App Reviewed on: iPad Pro
User Interface Rating:
Replay Value Rating:
Note: This game is free-to-start and asks for $9.99 to unlock the full game. The video above covers the free section of the game.
If Forgotton Anne was an animated movie, it would be more Cats Don’t Dance than Hercules. What I mean by this is Forgotton Anne—though gorgeously rendered—makes a lot of highly-specific choices about its world and characters that limit its appeal. As a game though, this really works in its favor, at least for most of the experience.
Forgotton Anne imagines a parallel universe populated by all the forgotten objects of our world. These include things like socks, antiques, hats, lightbulbs, and more. In this world, these objects (known as Forgotlings) live in mysterious squalor, which has caused some to try and build a pathway back to the real world.

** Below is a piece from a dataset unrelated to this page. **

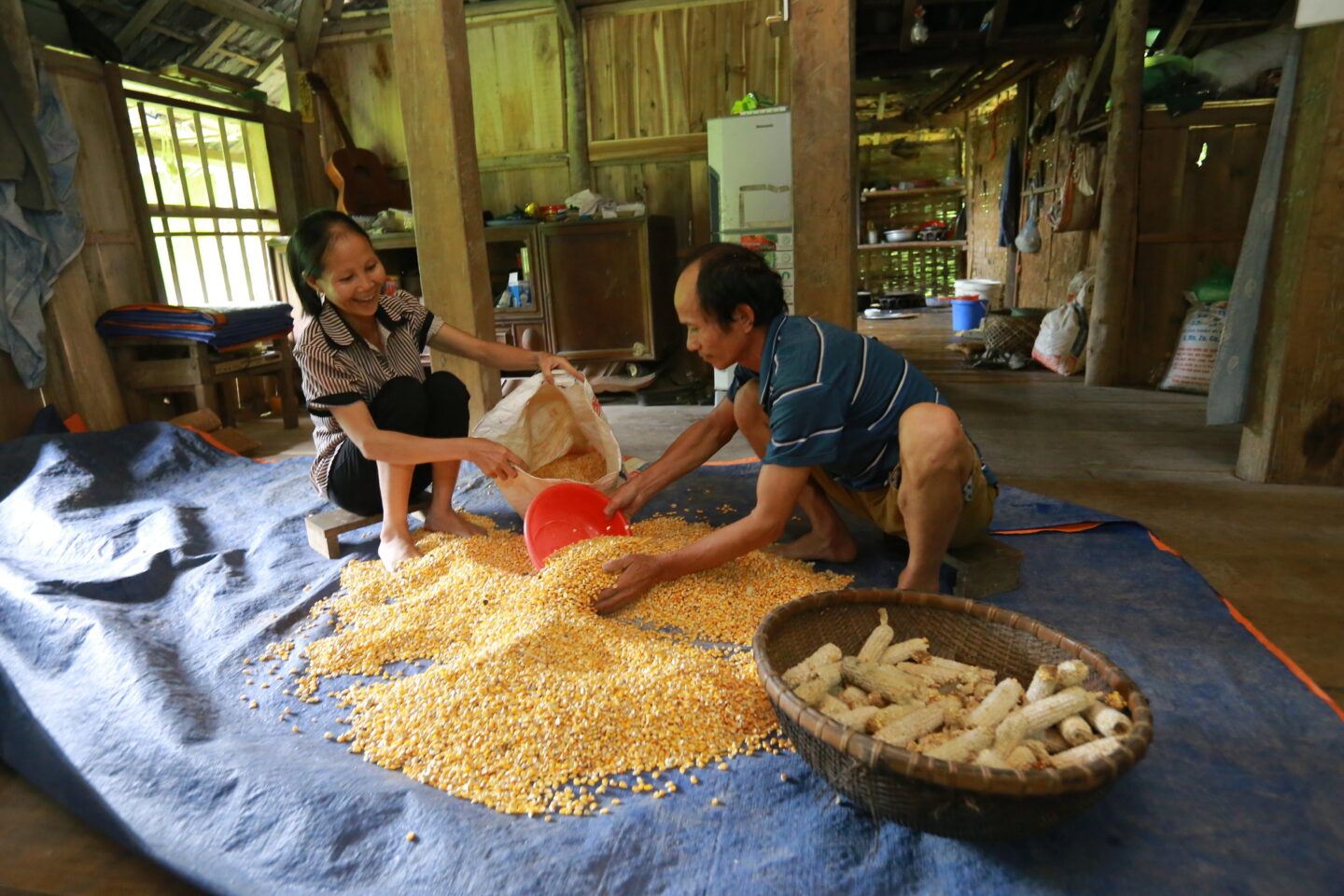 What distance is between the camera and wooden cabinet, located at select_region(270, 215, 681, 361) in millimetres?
4934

You play as Anne, a human girl who operates as The Enforcer in this society of discarded objects. Your job is to keep the peace and help your master, Bonku, complete his work on the Ether Bridge so that all the Forgotlings in this world can return to their owners. The game begins when Anne is awoken after an attack by Forgotlings who are actively resisting the building of the Ether Bridge.
Anne’s encounter with the Forgotling resistance sends her on an adventure that causes her to question her role as an enforcer and consider the ramifications of building the Ether Bridge. You control Anne through all of this in what is best described as a hybrid adventure/puzzle game. Most of the experience involves you traversing environments via some light platforming, puzzle-solving, and character interaction.

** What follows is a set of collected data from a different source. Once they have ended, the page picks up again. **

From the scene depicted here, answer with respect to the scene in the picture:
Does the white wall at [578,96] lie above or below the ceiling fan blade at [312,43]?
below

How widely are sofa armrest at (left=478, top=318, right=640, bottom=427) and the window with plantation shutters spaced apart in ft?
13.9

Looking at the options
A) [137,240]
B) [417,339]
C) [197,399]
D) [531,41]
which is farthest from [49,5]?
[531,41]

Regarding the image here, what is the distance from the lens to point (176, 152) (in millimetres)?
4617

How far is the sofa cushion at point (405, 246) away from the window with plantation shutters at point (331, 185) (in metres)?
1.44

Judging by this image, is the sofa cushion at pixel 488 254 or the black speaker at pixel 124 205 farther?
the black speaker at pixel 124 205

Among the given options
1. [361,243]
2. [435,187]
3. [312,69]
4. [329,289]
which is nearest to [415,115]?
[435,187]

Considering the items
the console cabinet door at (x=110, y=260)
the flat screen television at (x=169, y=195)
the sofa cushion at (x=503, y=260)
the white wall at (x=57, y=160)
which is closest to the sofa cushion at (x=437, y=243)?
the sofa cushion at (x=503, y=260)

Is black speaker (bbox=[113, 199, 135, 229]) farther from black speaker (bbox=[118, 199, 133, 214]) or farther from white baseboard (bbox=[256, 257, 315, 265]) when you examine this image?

None of the gameplay is particularly groundbreaking, but the way it’s presented certainly is. Forgotton Anne truly looks like you’re playing a 2D animated movie. It’s also fully voice-acted and packed with interesting environments, colorful characters, and beautifully detailed animations. These things combine to make an experience that is oddly propulsive.
Forgot to finish
Forgotton Anne is much more about enjoying its world, characters, and animation, and nothing highlights this more than when you get stuck in the game. It doesn’t happen often, but on one or two occasions, Forgotton Anne’s gameplay tries to up its mechanical complexity, and it bogs everything down.

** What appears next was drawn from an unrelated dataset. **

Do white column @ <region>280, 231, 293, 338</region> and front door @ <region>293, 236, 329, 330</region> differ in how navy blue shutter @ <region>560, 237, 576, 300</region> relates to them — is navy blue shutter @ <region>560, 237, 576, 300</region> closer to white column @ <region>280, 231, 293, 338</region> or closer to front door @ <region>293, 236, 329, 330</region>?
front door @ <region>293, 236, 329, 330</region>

Forgotton Anne just isn’t built for complicated actions. This is a game that heavily prioritizes animation, which makes doing even the simplest actions feel clunky and slow. Upping the challenge just exacerbates this problem. It also doesn’t help that there was one puzzle in particular that bugged out on me during my playthrough.
Even if you can manage Forgotton Anne’s sluggish controls just fine, it’s also worth noting that the game has a hard time closing out its story. This is true in both an artistic and technical sense. While the game sends you toward a resolution that both overexplains and cheapens everything that came before it, there are also sections at the end of the game where the voice acting doesn’t play, forcing you to read subtitles in silence.
The bottom line
Although it doesn’t end in an especially satisfying way, I still really enjoyed my time with Forgotton Anne. It builds a really cool world and animates it beautifully. It even contains quite a few touching character moments and explores interesting ideas. These things are rare in games, particularly on the App Store, so its flaws are worth looking past.